Religion
- Affiliation: Sunni Islam
- Sect: Salafi
- Ecclesiastical or organisational status: Mosque
- Status: Active

Location
- Location: Small Heath, Birmingham, England
- Country: United Kingdom
- Coordinates: 52°28′13″N 1°51′30″W﻿ / ﻿52.470353°N 1.858281°W

Architecture
- Type: Warehouse
- Completed: 2002
- Capacity: 800 worshippers

Website
- wrightstreetmosque.com

= As-Salafi Mosque =

Mosque in Birmingham, England, United Kingdom

The As-Salafi Mosque, also known as the Salafi Mosque and as the Wright Street Mosque, is a Salafi Sunni mosque, located in the Small Heath area of Birmingham, in the West Midlands region of England, in the United Kingdom. The mosque was founded in 2002 and is situated near the intersection of Muntz and Wright Streets and just behind Coventry Road.

== Overview ==
The mosque is contained within the same building and connected to the registered charity and Islamic materials publisher Salafi Publications and the "Salafi Bookstore".

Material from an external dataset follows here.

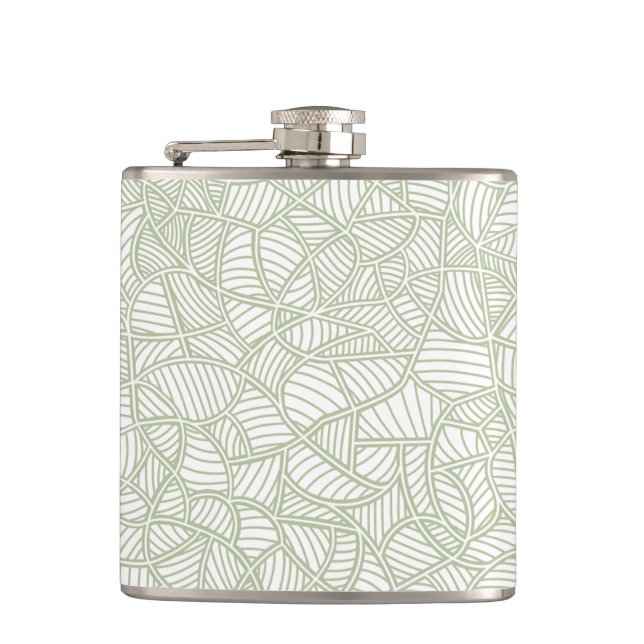 Random Leaf Mosaic Pale Green Flask (Front)
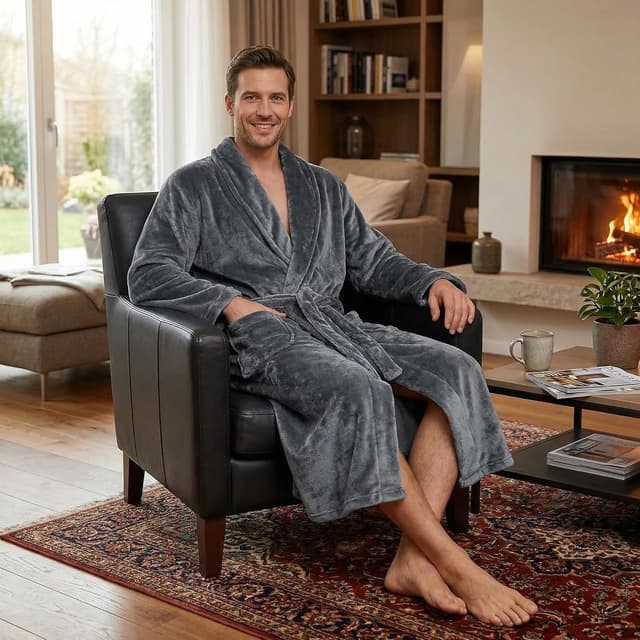 Detalle 2 de U2SKIIN Herren Fleece-Bademantel aus Plüsch – weich wärmender Morgenmantel für Nachtwäsche & Sauna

According to the mosque director, Abu Khadeejah Abdul-Wahid, more than a thousand men, women, and children pray the Friday 'jum'ah' Prayers there, and the mosque also contains a primary school and an evening Qur'an memorization school. According to mosque flyers, there are usually Islamic-based lessons every day of the week as well as seasonal conferences which can attract approximately 3,000 attendees from the UK and throughout Europe.

Dawud Burbank (Abu Talhah) was a former senior lecturer at the mosque.

As of 2012, the As-Salafi Mosque was one of one-hundred and sixty-three mosques in Birmingham. It was also one of six mosques in the Small Heath Park area.